_WHAT THE EXERCISE ASKS_. Omit all images, then repeat exactly the lines below from the one containing "XE LAU SÀN TRONG" through the one containing "Die Sieger des", both ends included.

_PROVIDED INFORMATION_.
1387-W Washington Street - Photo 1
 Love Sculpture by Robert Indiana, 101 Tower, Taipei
---
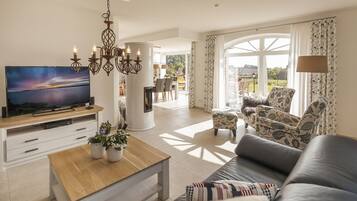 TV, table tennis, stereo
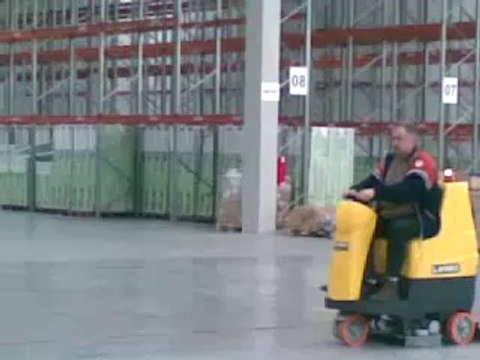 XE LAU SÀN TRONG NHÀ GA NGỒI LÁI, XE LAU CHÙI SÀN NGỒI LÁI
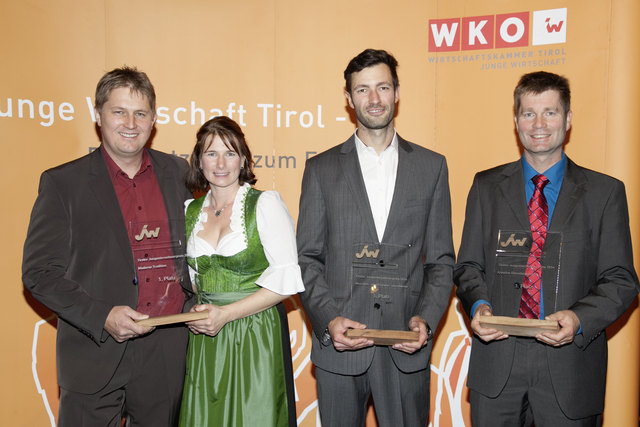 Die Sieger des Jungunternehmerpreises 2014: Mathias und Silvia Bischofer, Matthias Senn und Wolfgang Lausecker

_TASK ANSWER_.
 XE LAU SÀN TRONG NHÀ GA NGỒI LÁI, XE LAU CHÙI SÀN NGỒI LÁI
 Die Sieger des Jungunternehmerpreises 2014: Mathias und Silvia Bischofer, Matthias Senn und Wolfgang Lausecker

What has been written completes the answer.